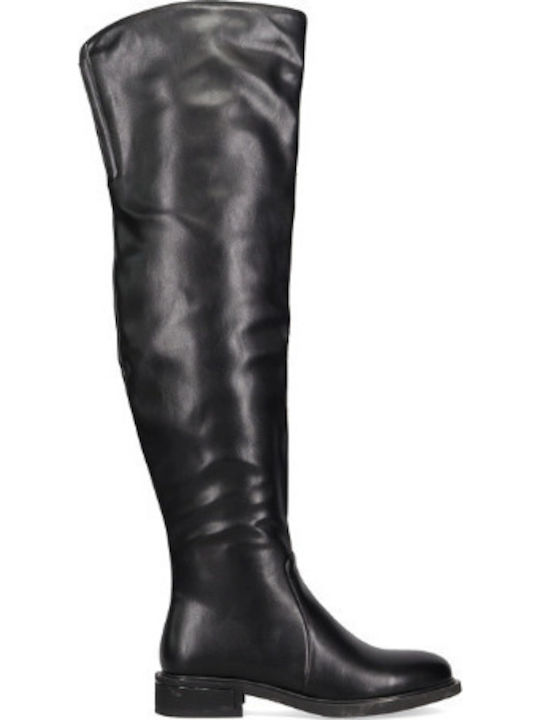 Synthetic Leather Over the Knee Women's Boots with Zipper Black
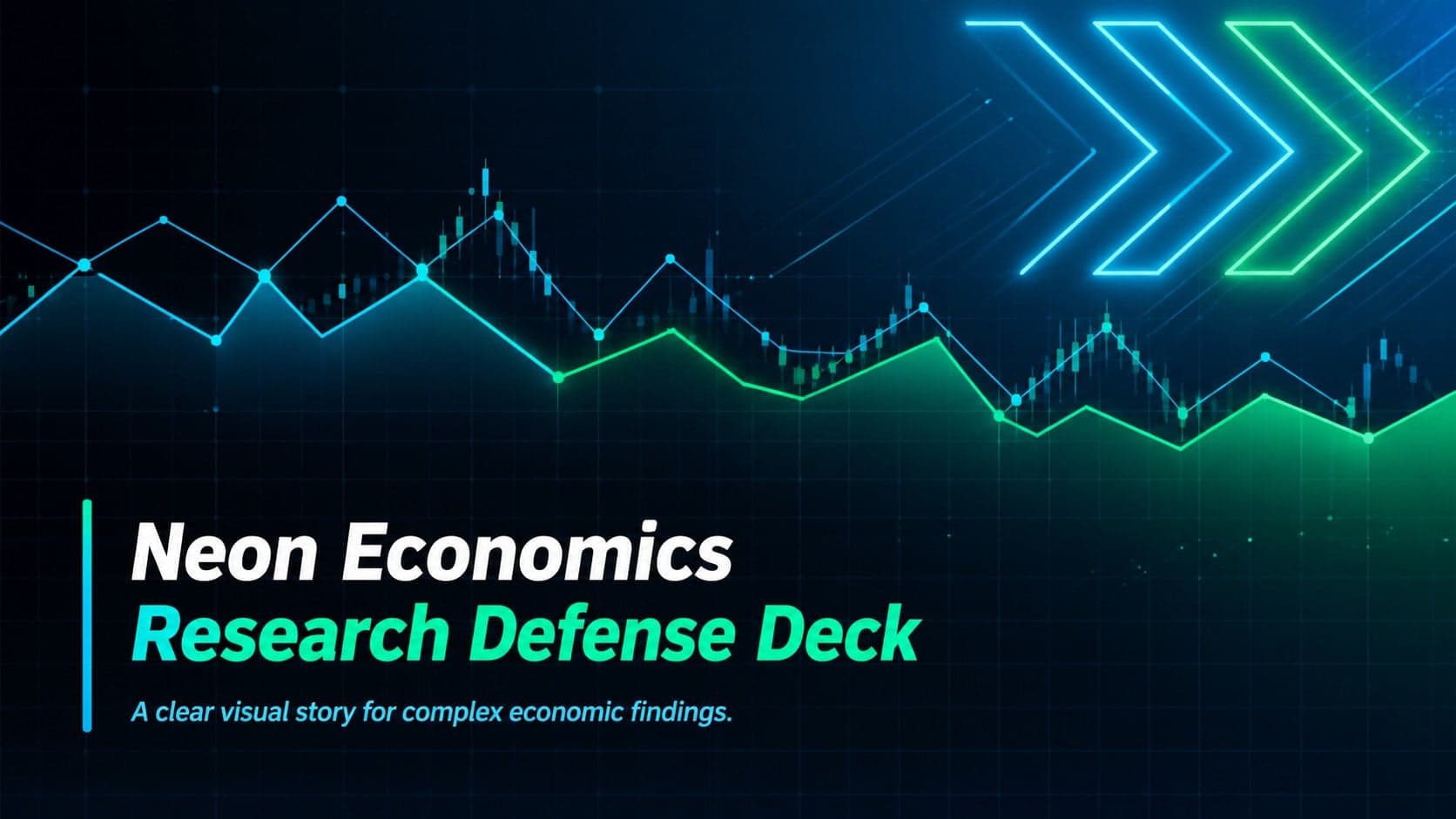 Neon cover slide for an economics research defense deck with a bold title and glowing data-inspired graphics.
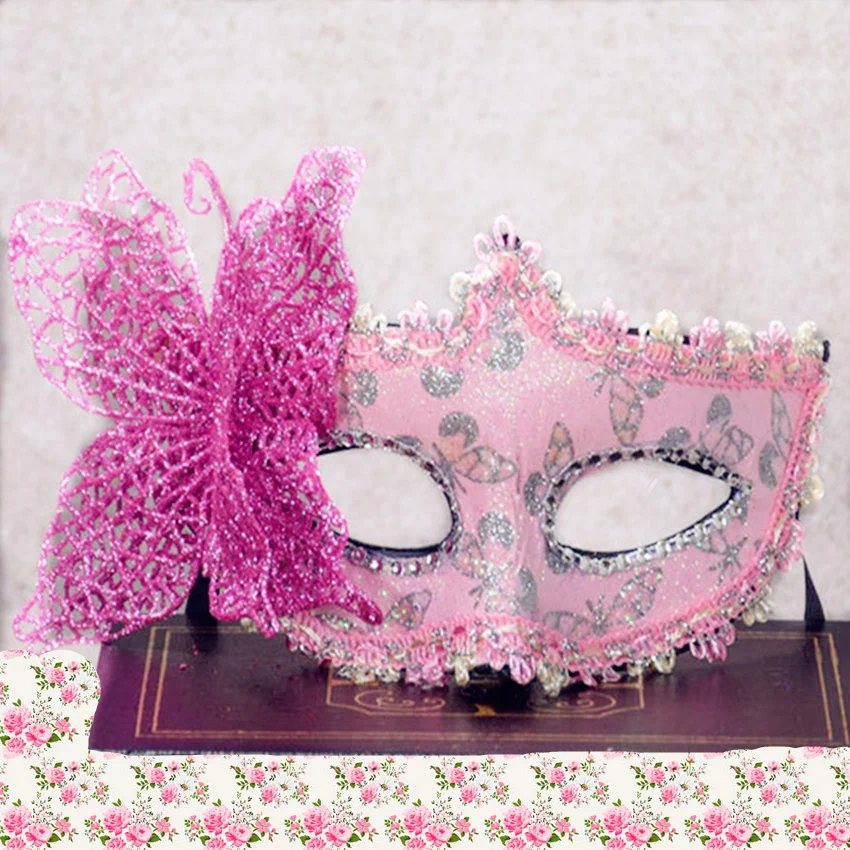 BIBIGOU High Quality Pink Party Masks Beautiful Princess Venice Lace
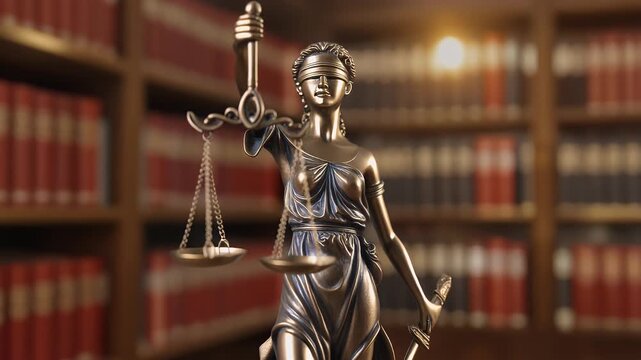 bronze blindfolded goddess representing law statue spinning, holding a scale and sword symbolizing impartiality and two broad sources of law in a university room with a background made of red books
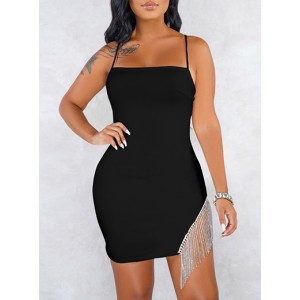Women's Cross Back Fringe Accent Mini Dress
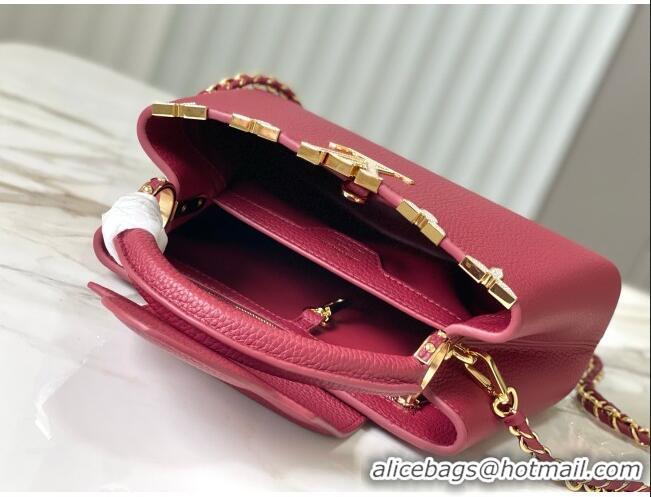 Promotional Louis Vuitton Capucines BB Bag with Strass Hardware in Taurillon Leather M24583 Deep Red 2025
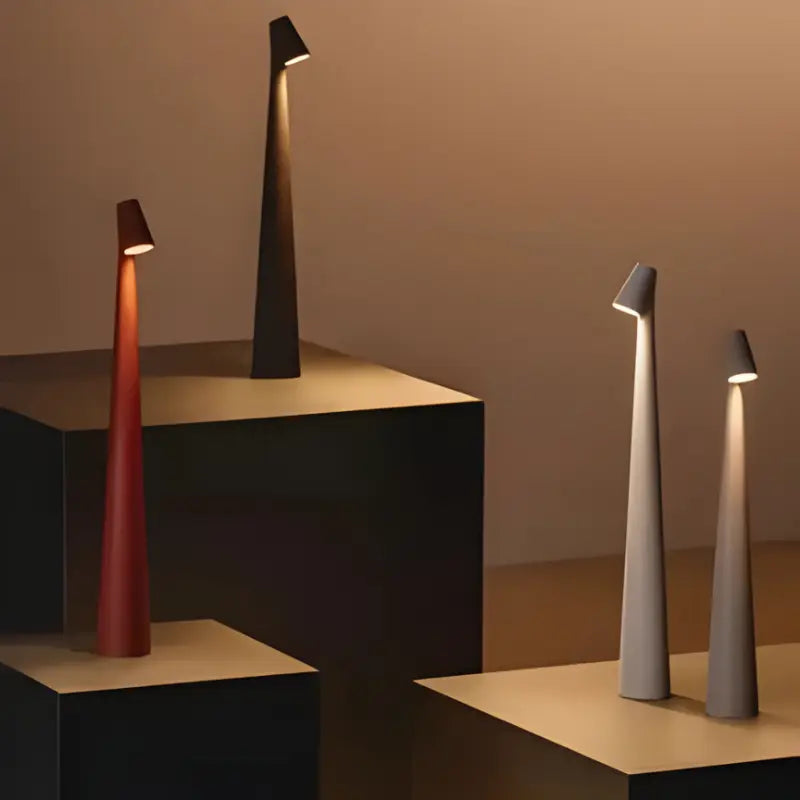 Minimalist Table Lamp with Stepless Dimming and USB-C Rechargeable, Adjustable Color Temp Veldora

• [Task prompt]
What is wanted is a word-for-word restatement of the entries, without their images.

• [Answer to this problem]
 Synthetic Leather Over the Knee Women's Boots with Zipper Black
 Neon cover slide for an economics research defense deck with a bold title and glowing data-inspired graphics.
 BIBIGOU High Quality Pink Party Masks Beautiful Princess Venice Lace
 bronze blindfolded goddess representing law statue spinning, holding a scale and sword symbolizing impartiality and two broad sources of law in a university room with a background made of red books
Women's Cross Back Fringe Accent Mini Dress
 Promotional Louis Vuitton Capucines BB Bag with Strass Hardware in Taurillon Leather M24583 Deep Red 2025
 Minimalist Table Lamp with Stepless Dimming and USB-C Rechargeable, Adjustable Color Temp Veldora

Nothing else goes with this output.